Te prometo anarquía (2015)

Empezaré diciendo esto: ¿hay acaso una frase más evocativa y hermosa para titular una película que “te prometo anarquía”? Esas tres palabras –que de inmediato nos remiten a una esperanza caótica y a una promesa tan violenta como delicada– generan casi de forma instintiva un deseo por saber más acerca de la pieza fílmica que titulan. Mejor que cualquier trailer, el título del filme anticipa una narrativa que parte del surgimiento de un nuevo orden desde un entorno resquebrajado y moribundo, narrativa que el director mexicano Julio Hernández Cordón promete y entrega con un virtuosismo difícilmente comparable al de cualquier otro largometraje mexicano estrenado durante el 2015.

La historia de “chico rico conoce a chica pobre” se ve revitalizada a través del guión de Cordón, quien esboza los pormenores de un romance entre el primogénito de una familia adinerada –un estupendo Diego Calva en clave de mosquita muerta y mente maestra detrás de un cúmulo de negocios atípicos e ilegales– y el hijo de la señora que limpia su casa –Eduardo Eliseo Martínez como chacal seductor y engatusador, pero profundamente enamorado del joven rico–.

Intentaré no caer en el cliché de denominar a la ciudad como el tercer personaje protagónico del filme, sin embargo queda claro que Cordón inserta a sus personajes en un entorno urbano que lo seduce y al que quiere diseccionar a profundidad: un ecosistema habitado por jóvenes patinetos y poetas de poca monta, que se yerguen como una generación perdida entre pasillos de mercados ambulantes, callejones anónimos y vecindades. Una generación que espera el gran momento, la idea luminosa o el negocio infalible que habrá de sacarlos, como por arte de magia, de esa urbe fracturada a la que llaman hogar.

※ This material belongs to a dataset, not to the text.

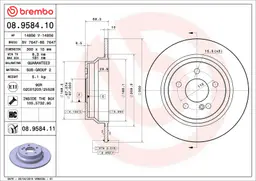 Mercedes E Serisi W212 E 180 Arka Fren Diski | BREMBO 08958410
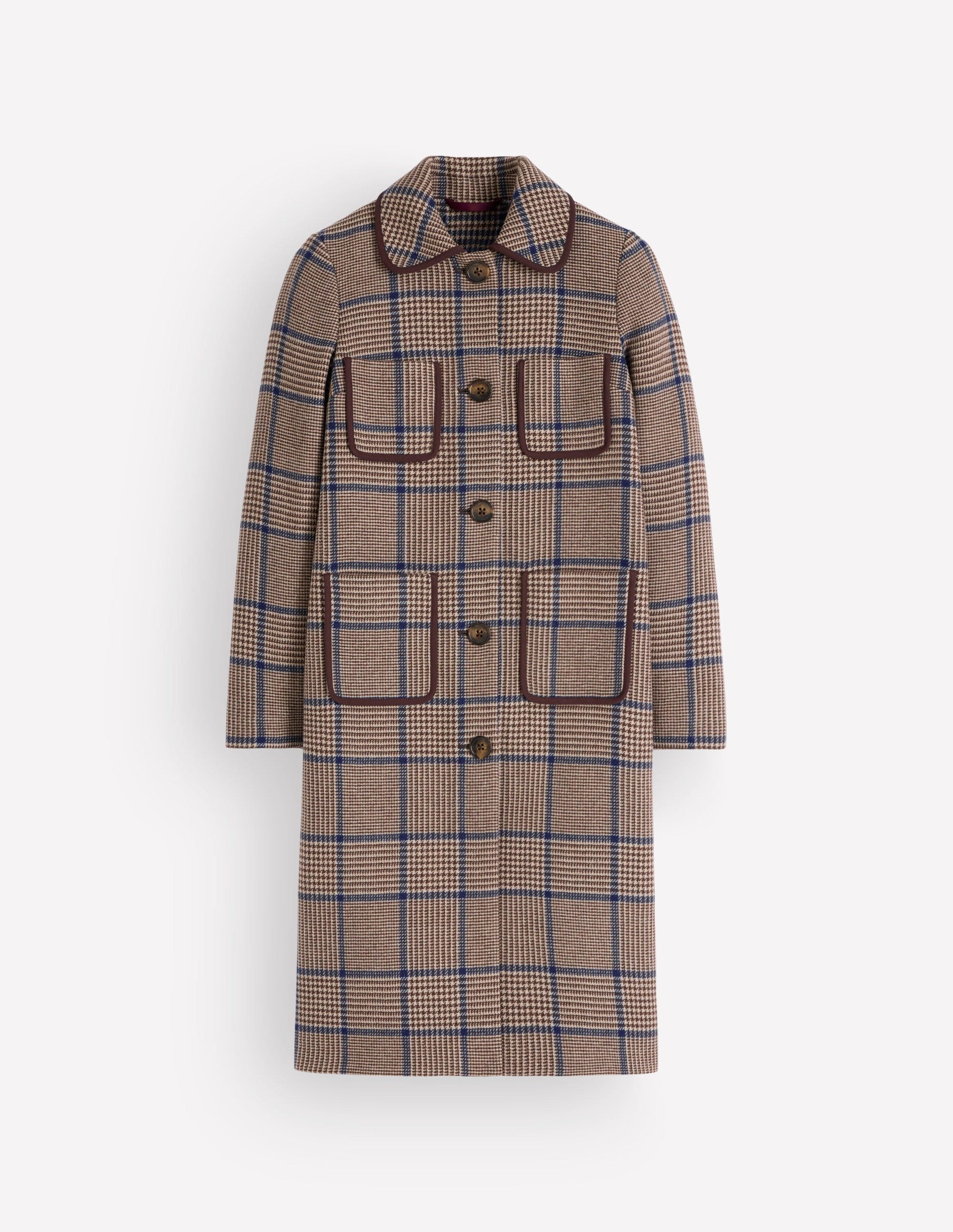 Patch Pocket Wool Blend Coat-Maroon, Teal Prince of Wales-7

Es a partir de ese peculiar romance que Cordón construye un entorno citadino genuinamente atractivo y potente, entorno que se verá trastornado desde el engaño y la violencia cuando el chico rico –que se divierte regenteando un negocio de venta de sangre para deportistas que buscan evadir los controles de doping– decide hacer negocios con la gente equivocada.

El filme tiene dos secciones radicalmente dispares: en la primera –que más o menos representa dos terceras partes del filme– Cordón construye de forma minuciosa e inspirada a sus personajes y a ese entorno maravillosamente colapsado que los rodea, presentando conflictos y situaciones de gran interés. Sin embargo, conforme la cinta se acerca a su conclusión, las motivaciones de los personajes y las situaciones límite a las que se someten comienzan a salirse de los parámetros de la credibilidad, para adentrarse en terrenos caricaturescos que merman el impacto de lo que se había conseguido en un principio.

A pesar de todo, lo conseguido por Cordón no es menor, y su filme –maravillosamente fotografiado por María Secco– opaca a muchas de las cintas mexicanas que por azares del destino recibieron una distribución mucho más generosa este año, y que cosecharon premios desde la intrascendencia del lugar común. Pero bueno, bien sabemos que triunfar en el panorama cinematográfico mexicano es una combinación de suerte, talento y persistencia. Cordón, de momento, ya tiene dos de tres. Ahora que venga la suerte.